Table 8 show for all three systems the details of the CMs as “Disco” in Table 6, as well as their confidences, and the rank of the GTZAN category to which each belongs. Some of these appear to be satisfactory, e.g., the excerpts with top tags “pop,” “70s,” “80s,” “soul,” “funk” and “dance” have overlap with the top tags of Disco (Sturm 2013b). Others, however, appear quite unsatisfactory, such as “Knockin’ on Heaven’s Door” by Guns ’N Roses, for which AdaBFFs ranks its labels from penultimate: “Pop” and “Hip hop” before “Rock” or “Metal.”

In summary, from our evaluation of the decision statistics involved in their pathological errors, it is hard to find evidence to support a conclusion that any of these systems is working in a way corresponding to confidence in its decision when it comes to music genre. The question thus arises: to what extent do humans show the same kinds of classification behavior as AdaBFFs, SRCAM, and MAPsCAT? We test this next using a listening experiment.

5.3 Evaluating behavior by listening tests

Listening tests for the evaluation of systems are by and large absent from the MGR literature (Sturm 2012a). The work of Gjerdingen and Perrott (2008) is a widely cited study of human music genre classification (Aucouturier and Pampalk 2008), and Krumhansl (2010) and Mace et al. (2011) extend this work. Both Ahrendt (2006) and Meng and Shawe-Taylor (2008) use listening tests to gauge the difficulty of discriminating the genres of their datasets, and to compare with the performance of their system. Lippens et al. (2004) use listening tests to produce a dataset that has excerpts more exemplary of single genres; and Craft et al. (2007) and Craft (2007) propose that evaluating MGR systems makes sense only with respect to the generic ambiguity of music. Seyerlehner et al. (2010) expands upon these works. Guaus (2009) conducts listening tests to determine the relative importance of timbre or rhythm in genre recognition. Finally, Cruz and Vidal (2003, 2008) and we (Sturm 2012b) conduct listening tests to determine if an MGR system can create music representative of a genre it has learned.

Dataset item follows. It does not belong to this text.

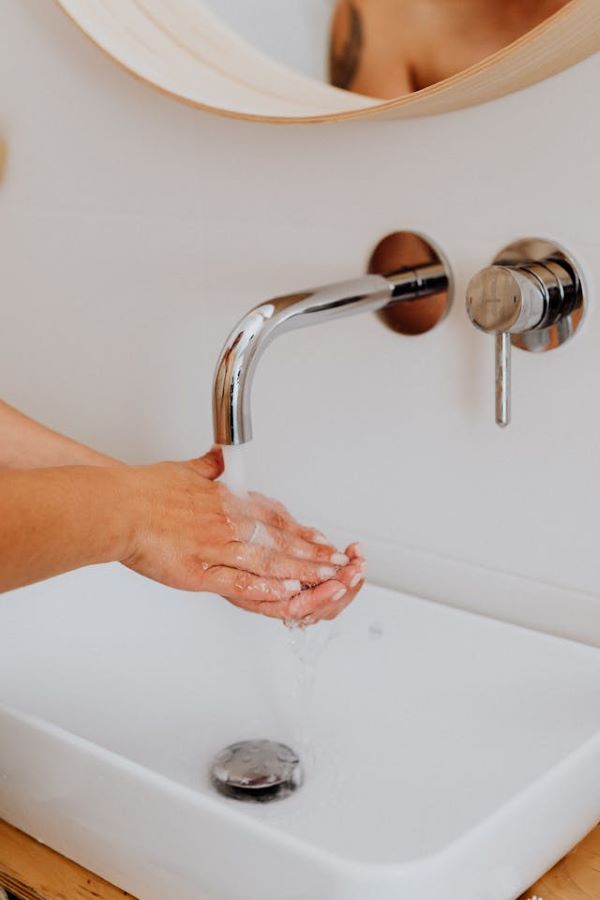 Person washing hands 600 Pexels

These latter works motivate the use of listening tests to circumvent the need to compare tags, or demarcate elements, necessary to argue that it is more acceptable to label an excerpt, e.g., “Pop” or “Rock,” neither or both. Our hypothesis is that the difference between the label given by a human and that given by a system will be large enough that it is extremely clear which label is given by a human. Hence, we wish to determine the extent to which the CMs of AdaBFFs, SRCAM or MAPsCAT—of which we see the systems are confident—are acceptable in the sense that they are indistinguishable from those humans would produce.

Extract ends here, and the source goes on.